* Input material
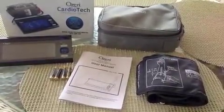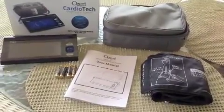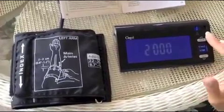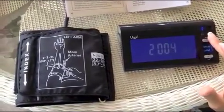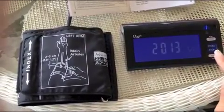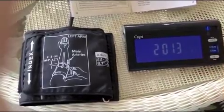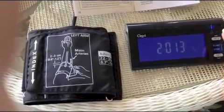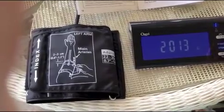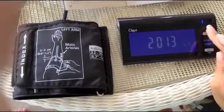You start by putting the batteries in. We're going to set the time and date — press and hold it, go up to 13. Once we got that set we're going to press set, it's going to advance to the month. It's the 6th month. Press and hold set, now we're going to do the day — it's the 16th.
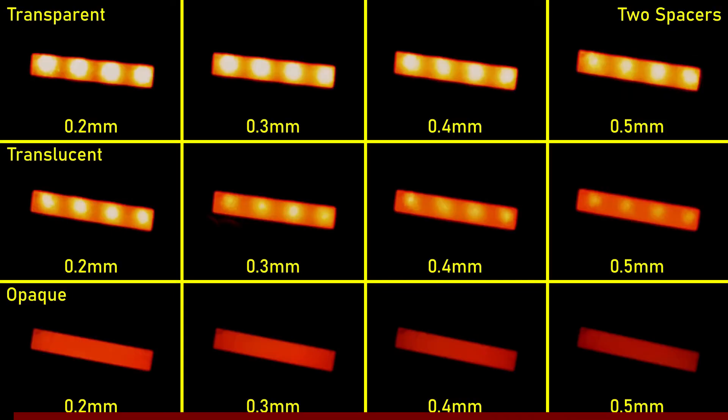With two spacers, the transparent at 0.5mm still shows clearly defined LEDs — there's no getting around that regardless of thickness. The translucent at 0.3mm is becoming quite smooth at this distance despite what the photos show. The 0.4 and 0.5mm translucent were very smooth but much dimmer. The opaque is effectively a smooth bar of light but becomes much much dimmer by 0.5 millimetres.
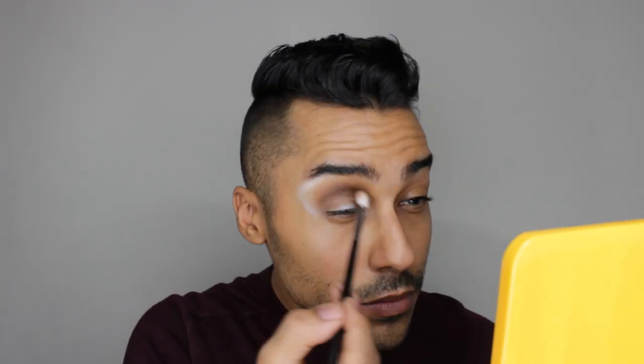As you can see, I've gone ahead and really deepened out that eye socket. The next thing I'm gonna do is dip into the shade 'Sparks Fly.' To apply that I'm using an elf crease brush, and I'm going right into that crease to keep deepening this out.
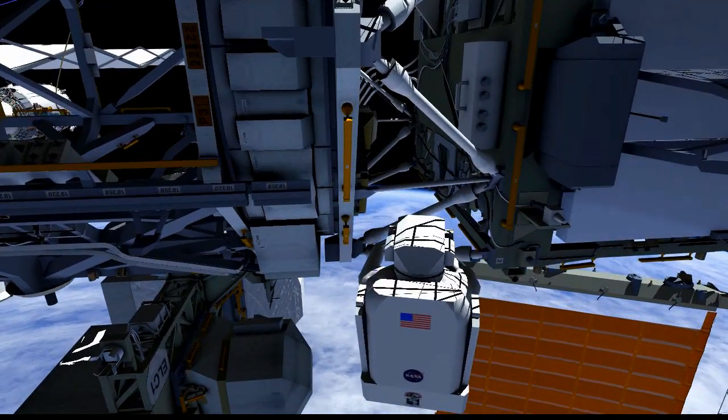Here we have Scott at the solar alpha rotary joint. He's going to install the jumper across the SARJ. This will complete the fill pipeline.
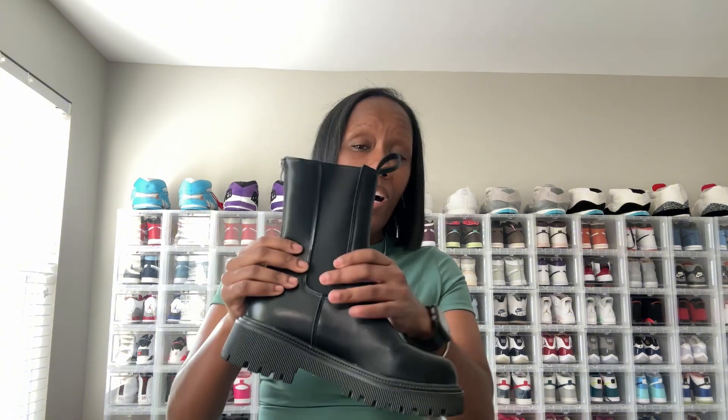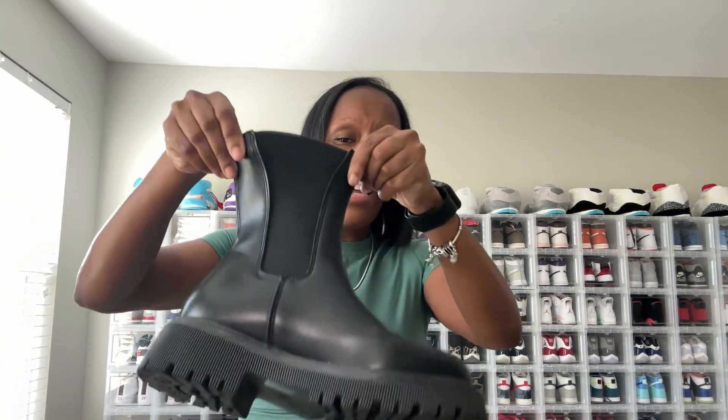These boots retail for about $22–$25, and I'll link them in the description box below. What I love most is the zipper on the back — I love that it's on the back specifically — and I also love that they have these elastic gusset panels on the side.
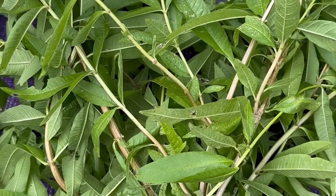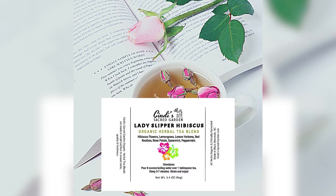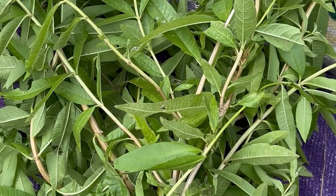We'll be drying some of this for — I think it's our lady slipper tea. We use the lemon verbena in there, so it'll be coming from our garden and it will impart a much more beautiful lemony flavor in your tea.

---

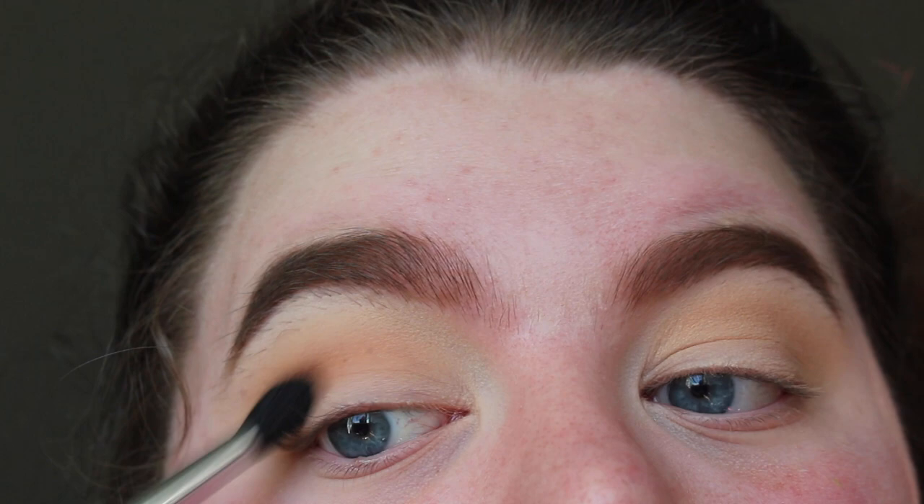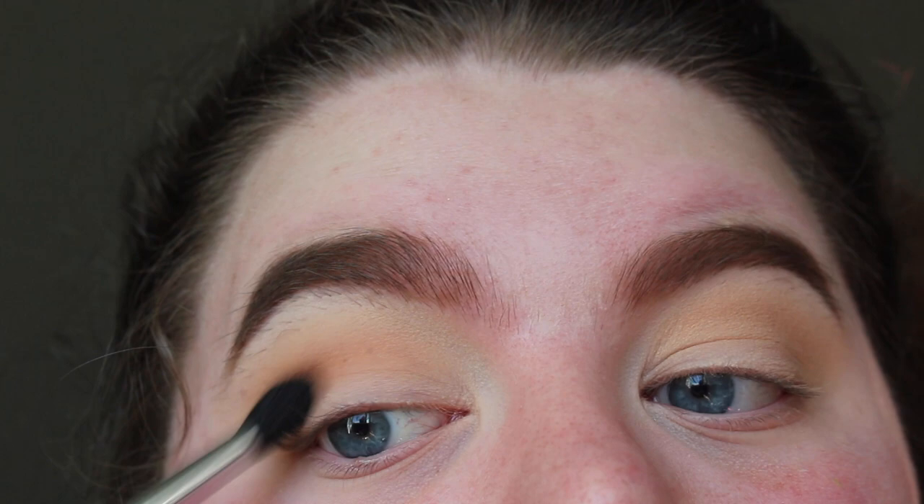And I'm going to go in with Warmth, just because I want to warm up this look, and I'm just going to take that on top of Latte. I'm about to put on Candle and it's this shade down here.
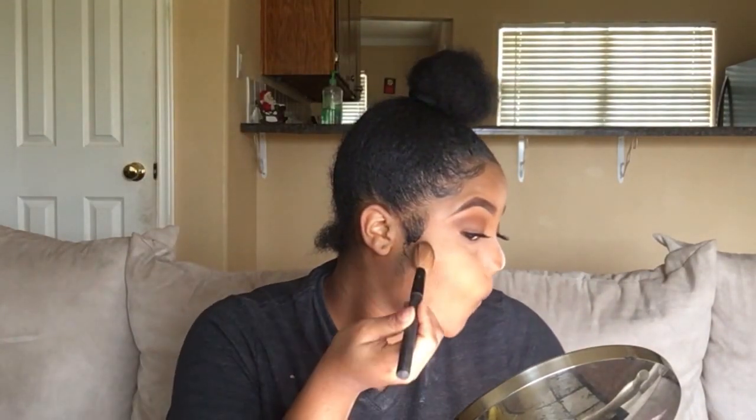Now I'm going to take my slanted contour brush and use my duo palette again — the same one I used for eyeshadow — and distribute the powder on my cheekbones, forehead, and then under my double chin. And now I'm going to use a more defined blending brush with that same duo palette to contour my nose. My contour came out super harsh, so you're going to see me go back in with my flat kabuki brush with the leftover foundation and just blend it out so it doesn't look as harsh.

--

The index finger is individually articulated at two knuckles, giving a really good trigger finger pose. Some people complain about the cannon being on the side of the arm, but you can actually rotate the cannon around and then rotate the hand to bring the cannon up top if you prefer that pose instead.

* Exercise
Using the records above, print exactly the run of lines that starts with the line with "With two spacers, the" and goes on through the line with "As you can see, I've", pictures excluded.

* Solution to this exercise
With two spacers, the transparent at 0.5mm still shows clearly defined LEDs — there's no getting around that regardless of thickness. The translucent at 0.3mm is becoming quite smooth at this distance despite what the photos show. The 0.4 and 0.5mm translucent were very smooth but much dimmer. The opaque is effectively a smooth bar of light but becomes much much dimmer by 0.5 millimetres.
As you can see, I've gone ahead and really deepened out that eye socket. The next thing I'm gonna do is dip into the shade 'Sparks Fly.' To apply that I'm using an elf crease brush, and I'm going right into that crease to keep deepening this out.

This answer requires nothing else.